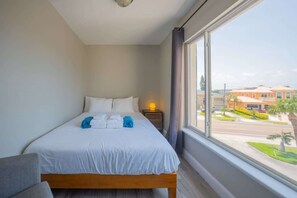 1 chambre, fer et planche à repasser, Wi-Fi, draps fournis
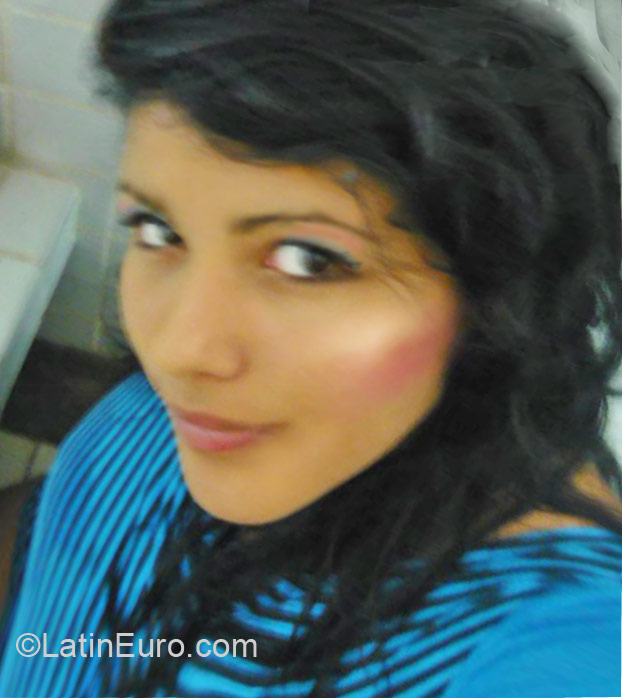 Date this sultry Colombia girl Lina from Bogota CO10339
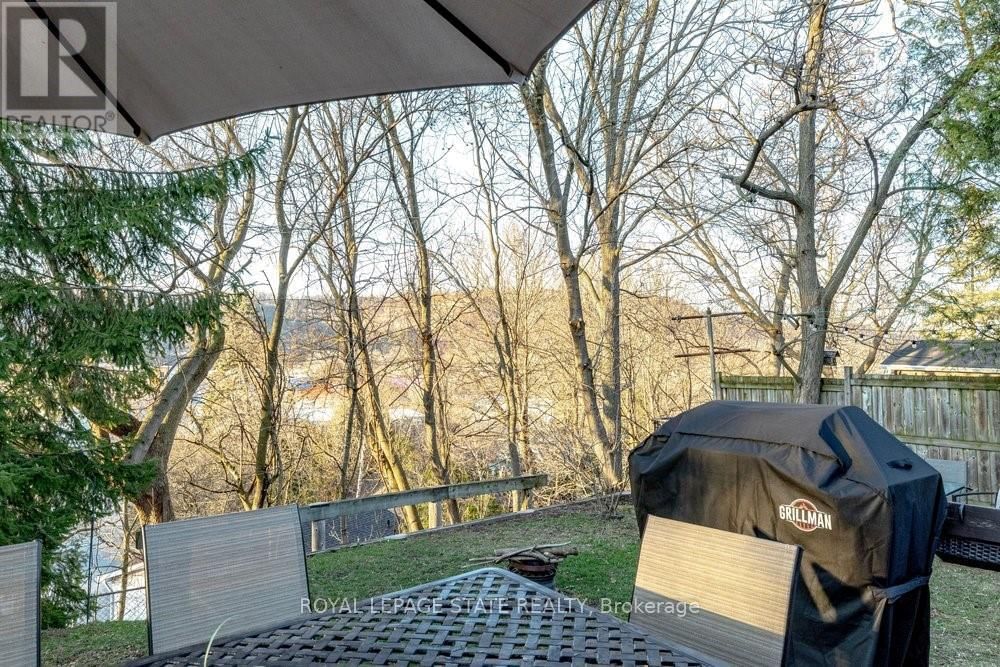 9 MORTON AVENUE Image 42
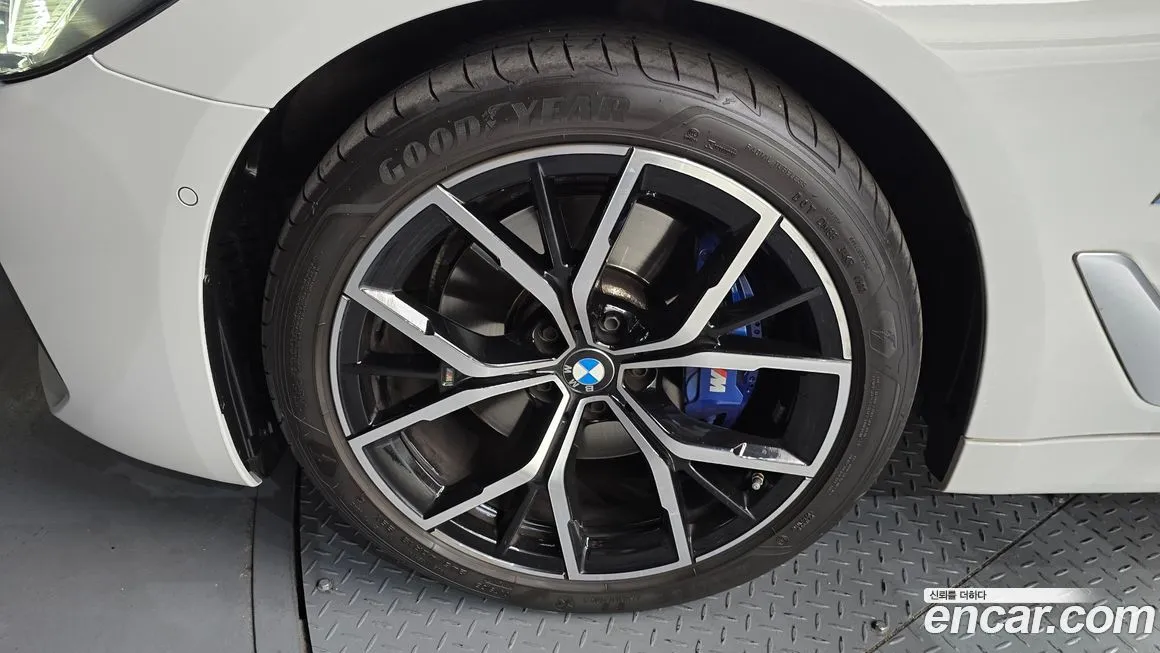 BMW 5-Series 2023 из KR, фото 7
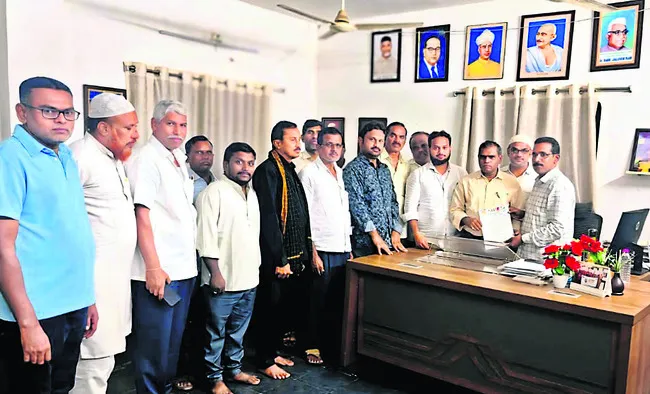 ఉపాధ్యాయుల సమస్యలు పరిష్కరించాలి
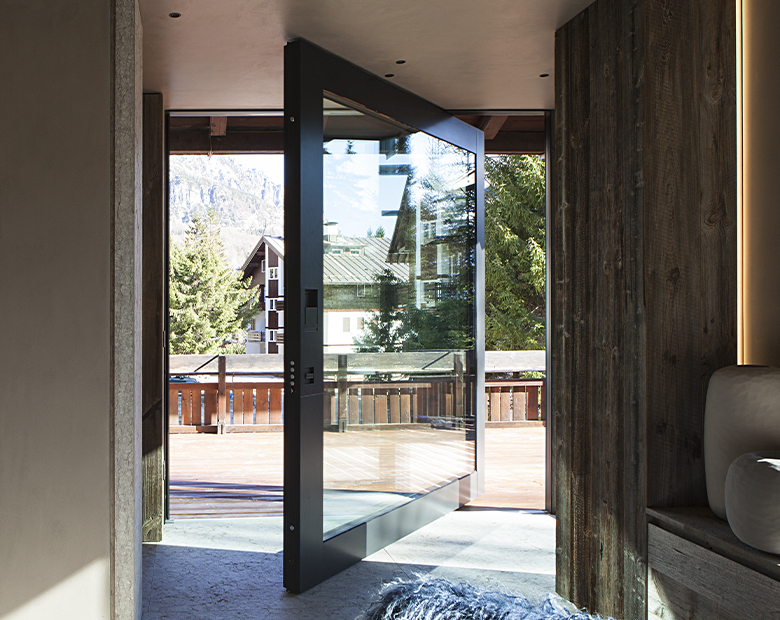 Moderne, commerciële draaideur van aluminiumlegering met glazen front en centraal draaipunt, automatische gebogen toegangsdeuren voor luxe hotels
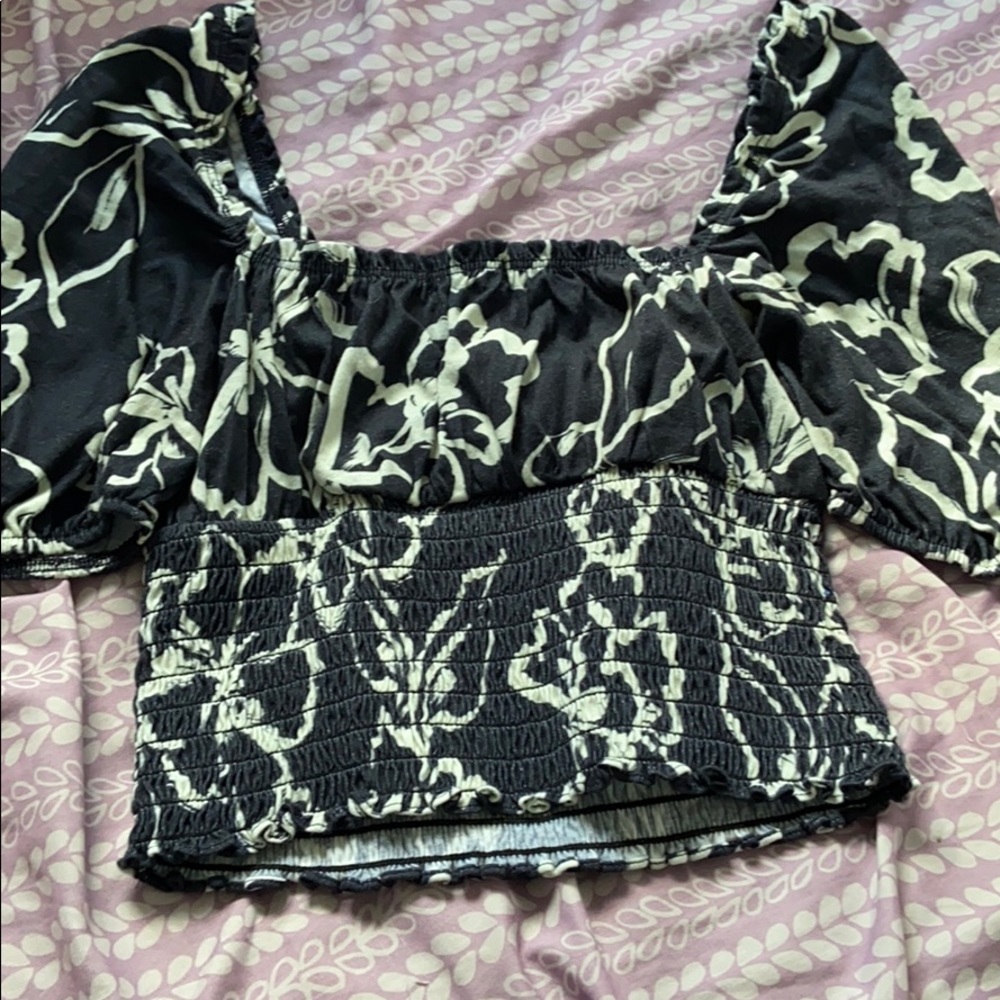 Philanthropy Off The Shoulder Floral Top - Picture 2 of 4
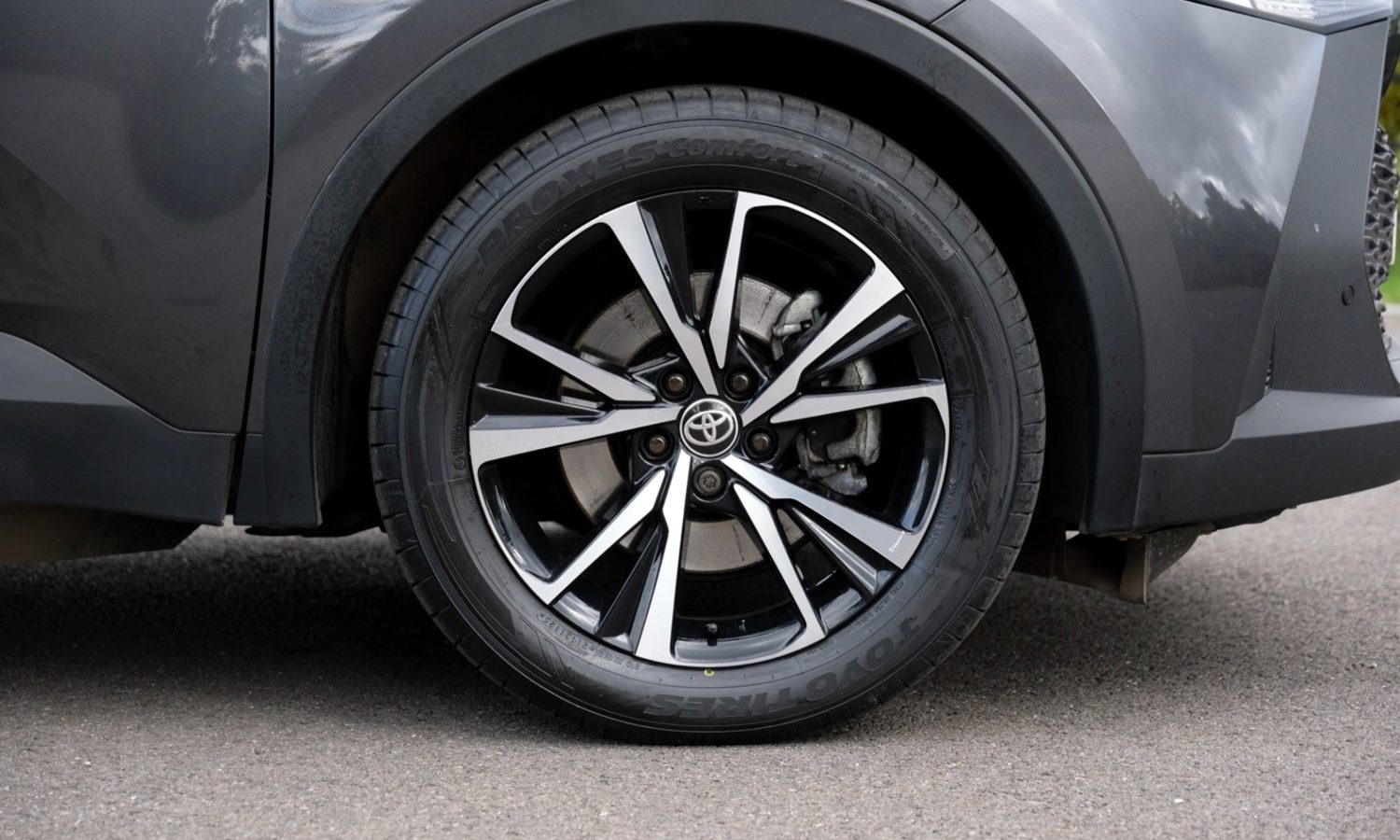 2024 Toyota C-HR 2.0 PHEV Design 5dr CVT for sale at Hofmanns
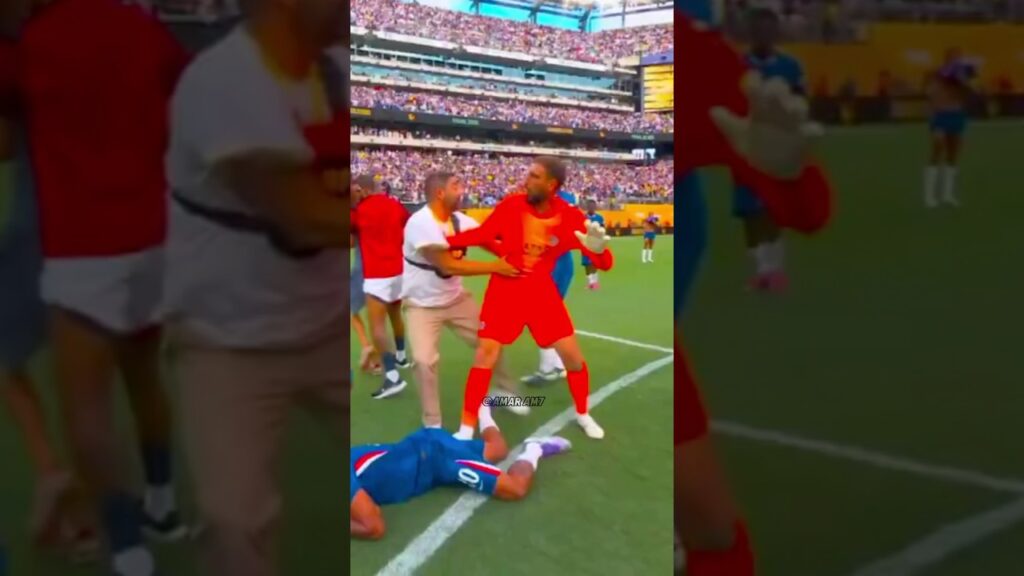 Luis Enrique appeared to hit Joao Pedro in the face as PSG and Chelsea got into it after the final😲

▶ [WHAT TO WORK ON]: The entries are to be written out in full and exactly, apart from the pictures.

▶ [REPLY TO THE TASK]:
 1 chambre, fer et planche à repasser, Wi-Fi, draps fournis
 Date this sultry Colombia girl Lina from Bogota CO10339
 9 MORTON AVENUE Image 42
 BMW 5-Series 2023 из KR, фото 7
 ఉపాధ్యాయుల సమస్యలు పరిష్కరించాలి
 Moderne, commerciële draaideur van aluminiumlegering met glazen front en centraal draaipunt, automatische gebogen toegangsdeuren voor luxe hotels
 Philanthropy Off The Shoulder Floral Top - Picture 2 of 4
 2024 Toyota C-HR 2.0 PHEV Design 5dr CVT for sale at Hofmanns
 Luis Enrique appeared to hit Joao Pedro in the face as PSG and Chelsea got into it after the final😲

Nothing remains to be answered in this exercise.